Il bastone e la carota. Da un lato il primo ministro israeliano Benjamin Netanyahu fa sapere che è pronto ad avviare colloqui per una tregua in Libano – per intermediari, con gli Stati Uniti, poiché non parla direttamente con Hezbollah. Dall’altro, dopo tre giorni di bombardamenti e oltre 600 morti libanesi, l’esercito israeliano diffonde un video in cui il capo di Stato maggiore della Difesa, Herzi Halevi, visitando alcune brigate al confine con il Libano annuncia un probabile ingresso via terra nel cosiddetti paese dei cedri. “Oggi Hezbollah ha ampliato il suo raggio di fuoco. Più tardi riceverà una risposta molto forte”, ha affermato Halevi riferendosi al fatto che il gruppo sciita ha lanciato un missile verso il centro di Israele questa mattina, verso Tel Aviv, per la prima volta non intercettato dai sistemi di difesa israeliani. “I vostri stivali entreranno nei villaggi che Hezbollah ha trasformato in una vasta postazione militare, incontrerete i miliziani e gli dimostrerete che cosa significa affrontare un esercito professionale, altamente qualificata e con esperienza di battaglia. Li distruggerete”, ha detto Halevi.

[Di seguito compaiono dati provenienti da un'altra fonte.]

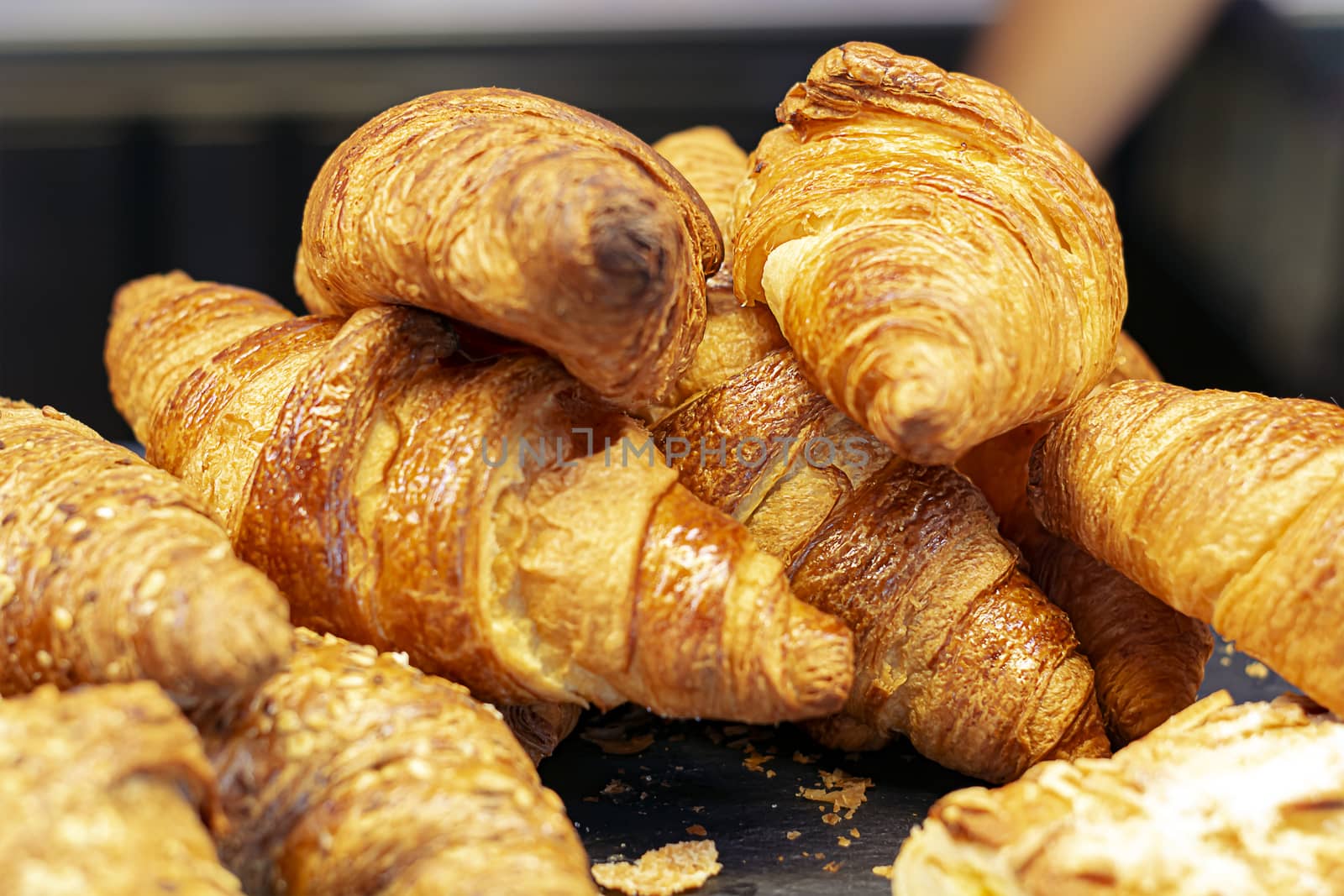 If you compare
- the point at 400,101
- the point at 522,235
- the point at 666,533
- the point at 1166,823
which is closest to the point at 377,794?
the point at 666,533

Lo stesso Netanyahu del resto in serata dichiara dal suo ufficio, “siamo decisi a far sì che gli abitanti del Nord tornino a casa loro in tutta sicurezza. Colpiamo Hezbollah in modo inimmaginabile, con la forza e con l’astuzia. Vi prometto questo: non ci fermeremo finché gli abitanti del Nord non saranno tornati alle loro case”. Il riferimento è agli israeliani che sono sfollati per sfuggire ai missili di Hezbollah dal sud del Libano. Il 28 luglio, 12 ragazzini sono morti in un campo da calcio a Majdal Shams, insediamento druso nel Golan settentrionale, da un razzo lanciato dal Libano.

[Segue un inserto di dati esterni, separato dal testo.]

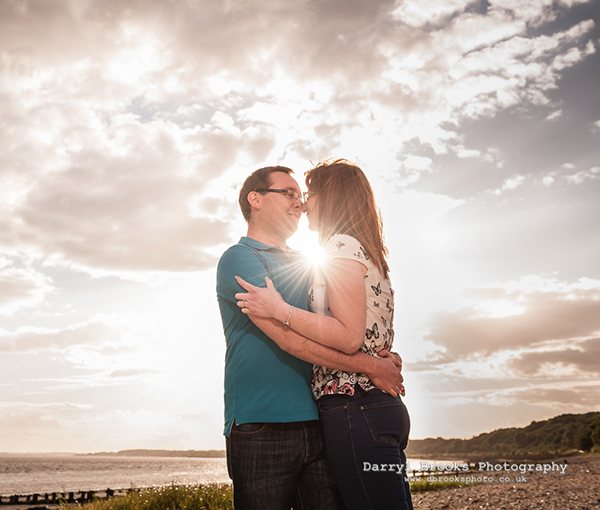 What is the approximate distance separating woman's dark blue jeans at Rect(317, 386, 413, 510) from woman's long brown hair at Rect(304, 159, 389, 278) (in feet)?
2.57

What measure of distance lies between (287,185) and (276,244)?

Bisogna arrendersi all’evidenza: la guerra ormai è diventata regionale. In questa caotica situazione, si avvicina l’anniversario del 7 ottobre – un anno dall’efferata incursione di Hamas in Israele che ha ucciso 1200 israeliani e fatto prigionieri centinaia di ostaggi. Lo Stato ebraico continua a bombardare la Striscia di Gaza alla caccia dei leader di Hamas (i morti palestinesi in un anno sono oltre 40mila). “Una guerra su vasta scala in Medio Oriente è possibile”, ha ammesso oggi Joe Biden al talk show The View. E se il Papa prega per la pace (“Sono addolorato dalle notizie che giungono dal Libano… Auspico che la comunità internazionale faccia ogni sforzo per fermare questa terribile escalation; è inaccettabile. Esprimo la mia vicinanza al popolo libanese che già troppo ha sofferto nel recente passato” ha detto Bergoglio all’udienza del mercoledì in piazza San Pietro) la diplomazia, Stati Uniti in testa, appare impotente quanto ambigua.

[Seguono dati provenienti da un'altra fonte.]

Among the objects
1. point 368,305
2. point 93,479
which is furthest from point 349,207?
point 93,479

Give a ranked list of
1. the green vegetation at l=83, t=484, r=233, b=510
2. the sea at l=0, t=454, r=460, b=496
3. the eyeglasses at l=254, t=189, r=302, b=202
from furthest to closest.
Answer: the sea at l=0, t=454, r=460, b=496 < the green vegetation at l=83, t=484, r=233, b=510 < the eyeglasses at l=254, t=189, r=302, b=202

A Beirut intanto il ministro della Salute Rifass Abiad ha ricevuto un aereo carico di aiuti dalla Turchia. I raid israeliani fra lunedì e martedì, ufficialmente contro le postazioni Hezbollah, avevano già ucciso almeno 558 libanesi, martedì il giorno più sanguinoso nel paese dalla fine della guerra civile (1975-1990. Sia l’ambasciatore turco in Libano presente in aeroporto, sia il ministro libanese hanno pronunciato parole durissime contro Israele. Per l’ambasciatore, Ali Baris Ulusoy: “è molto inquietante questa aggressione israeliana non solo contro Gaza, contro la Palestina, ma contro il Libano e il resto della regione nel caos totale”.
Nella capitale Beirut la gente è traumatizzata, per la minaccia della guerra e per la situazione economica del paese, teme per la propria vita e non solo.
Abir Khater gestisce un negozio. “Certo che penso di andarmene, certo. In passato ho avuto molte opportunità e non l’ho fatto, ma ora se ci riesco voglio andarmene, almeno finché le cose non si calmano”.
Nina Rufayel è un’insegnante: “Non temo solo una grande guerra ma la totale scomparsa del Libano. Ho paura del domani. Se scoppia la guerra colpirà tutti senza distinzioni, ma poi che succederà? Chi ricostruirà, chi fornirà il cibo, chi fornirà l’istruzione?”
A Tiro, sul mare, parlano solo gli uomini al mercato, in maglietta mentre le ragazze col capo coperto li accompagnano a fare la spesa. Parlano, e dicono tutti la stessa cosa: “non cederemo al nemico israeliano”, “i libanesi non si arrenderanno mai”.